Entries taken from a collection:
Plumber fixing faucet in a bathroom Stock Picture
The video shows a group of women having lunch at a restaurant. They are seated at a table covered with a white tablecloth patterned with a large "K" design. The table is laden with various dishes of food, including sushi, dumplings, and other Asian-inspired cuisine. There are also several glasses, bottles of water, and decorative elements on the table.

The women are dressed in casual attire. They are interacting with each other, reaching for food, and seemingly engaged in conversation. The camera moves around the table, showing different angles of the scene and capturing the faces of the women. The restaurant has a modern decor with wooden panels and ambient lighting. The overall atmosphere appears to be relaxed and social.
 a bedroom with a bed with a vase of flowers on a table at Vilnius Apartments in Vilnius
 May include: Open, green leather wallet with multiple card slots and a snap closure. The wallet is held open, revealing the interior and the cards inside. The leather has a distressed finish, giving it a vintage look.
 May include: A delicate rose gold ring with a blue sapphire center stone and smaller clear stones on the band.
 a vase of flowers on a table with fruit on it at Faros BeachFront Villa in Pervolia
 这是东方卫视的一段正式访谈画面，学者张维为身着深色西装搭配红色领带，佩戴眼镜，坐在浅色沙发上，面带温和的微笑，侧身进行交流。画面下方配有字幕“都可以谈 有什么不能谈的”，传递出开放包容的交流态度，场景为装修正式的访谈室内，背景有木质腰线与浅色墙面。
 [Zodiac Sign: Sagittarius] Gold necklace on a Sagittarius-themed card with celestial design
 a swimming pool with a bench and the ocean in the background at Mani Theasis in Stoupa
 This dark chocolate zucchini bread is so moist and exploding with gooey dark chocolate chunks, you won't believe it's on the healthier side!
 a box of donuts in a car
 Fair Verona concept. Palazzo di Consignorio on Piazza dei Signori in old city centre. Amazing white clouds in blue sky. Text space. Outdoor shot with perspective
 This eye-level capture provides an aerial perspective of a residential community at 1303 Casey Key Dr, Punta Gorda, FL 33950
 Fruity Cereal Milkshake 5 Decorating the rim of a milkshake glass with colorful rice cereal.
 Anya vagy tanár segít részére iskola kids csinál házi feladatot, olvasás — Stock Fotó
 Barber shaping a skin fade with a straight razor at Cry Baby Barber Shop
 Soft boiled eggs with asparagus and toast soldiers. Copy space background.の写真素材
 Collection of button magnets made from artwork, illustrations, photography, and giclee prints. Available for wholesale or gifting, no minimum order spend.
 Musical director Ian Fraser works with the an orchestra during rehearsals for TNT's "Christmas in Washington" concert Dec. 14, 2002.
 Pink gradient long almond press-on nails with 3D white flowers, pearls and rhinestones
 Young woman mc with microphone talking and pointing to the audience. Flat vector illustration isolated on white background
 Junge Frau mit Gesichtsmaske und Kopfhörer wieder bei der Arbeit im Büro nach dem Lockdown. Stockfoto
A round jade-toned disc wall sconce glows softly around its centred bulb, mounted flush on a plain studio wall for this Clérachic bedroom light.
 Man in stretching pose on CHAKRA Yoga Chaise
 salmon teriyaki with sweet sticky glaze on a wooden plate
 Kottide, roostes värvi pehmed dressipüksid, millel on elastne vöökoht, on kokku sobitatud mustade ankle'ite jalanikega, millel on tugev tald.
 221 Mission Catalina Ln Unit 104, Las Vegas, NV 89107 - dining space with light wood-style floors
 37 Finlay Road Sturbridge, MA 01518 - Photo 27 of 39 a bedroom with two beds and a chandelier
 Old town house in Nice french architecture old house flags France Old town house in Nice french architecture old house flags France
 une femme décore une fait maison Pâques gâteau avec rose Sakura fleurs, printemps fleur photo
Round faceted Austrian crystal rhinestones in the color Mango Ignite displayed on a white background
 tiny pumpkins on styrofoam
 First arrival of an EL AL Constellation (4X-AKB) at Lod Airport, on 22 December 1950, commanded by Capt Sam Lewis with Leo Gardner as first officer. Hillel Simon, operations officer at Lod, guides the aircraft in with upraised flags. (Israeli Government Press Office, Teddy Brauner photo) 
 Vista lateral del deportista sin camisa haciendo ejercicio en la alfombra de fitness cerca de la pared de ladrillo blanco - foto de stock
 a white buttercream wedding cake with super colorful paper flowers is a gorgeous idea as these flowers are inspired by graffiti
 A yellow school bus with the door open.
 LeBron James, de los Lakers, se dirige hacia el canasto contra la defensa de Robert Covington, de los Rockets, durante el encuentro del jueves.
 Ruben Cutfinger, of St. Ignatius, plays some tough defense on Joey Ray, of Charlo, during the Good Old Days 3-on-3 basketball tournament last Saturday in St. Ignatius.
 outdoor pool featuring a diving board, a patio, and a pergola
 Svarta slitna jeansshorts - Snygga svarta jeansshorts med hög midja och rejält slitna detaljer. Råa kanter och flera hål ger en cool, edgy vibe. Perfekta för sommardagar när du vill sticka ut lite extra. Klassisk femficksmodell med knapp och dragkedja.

• EXERCISE BRIEF: From the records above, give again exactly the lines running from the line with "221 Mission Catalina" to the line with "a white buttercream", inclusive.

• RESPONSE BELOW:
 221 Mission Catalina Ln Unit 104, Las Vegas, NV 89107 - dining space with light wood-style floors
 37 Finlay Road Sturbridge, MA 01518 - Photo 27 of 39 a bedroom with two beds and a chandelier
 Old town house in Nice french architecture old house flags France Old town house in Nice french architecture old house flags France
 une femme décore une fait maison Pâques gâteau avec rose Sakura fleurs, printemps fleur photo
Round faceted Austrian crystal rhinestones in the color Mango Ignite displayed on a white background
 tiny pumpkins on styrofoam
 First arrival of an EL AL Constellation (4X-AKB) at Lod Airport, on 22 December 1950, commanded by Capt Sam Lewis with Leo Gardner as first officer. Hillel Simon, operations officer at Lod, guides the aircraft in with upraised flags. (Israeli Government Press Office, Teddy Brauner photo) 
 Vista lateral del deportista sin camisa haciendo ejercicio en la alfombra de fitness cerca de la pared de ladrillo blanco - foto de stock
 a white buttercream wedding cake with super colorful paper flowers is a gorgeous idea as these flowers are inspired by graffiti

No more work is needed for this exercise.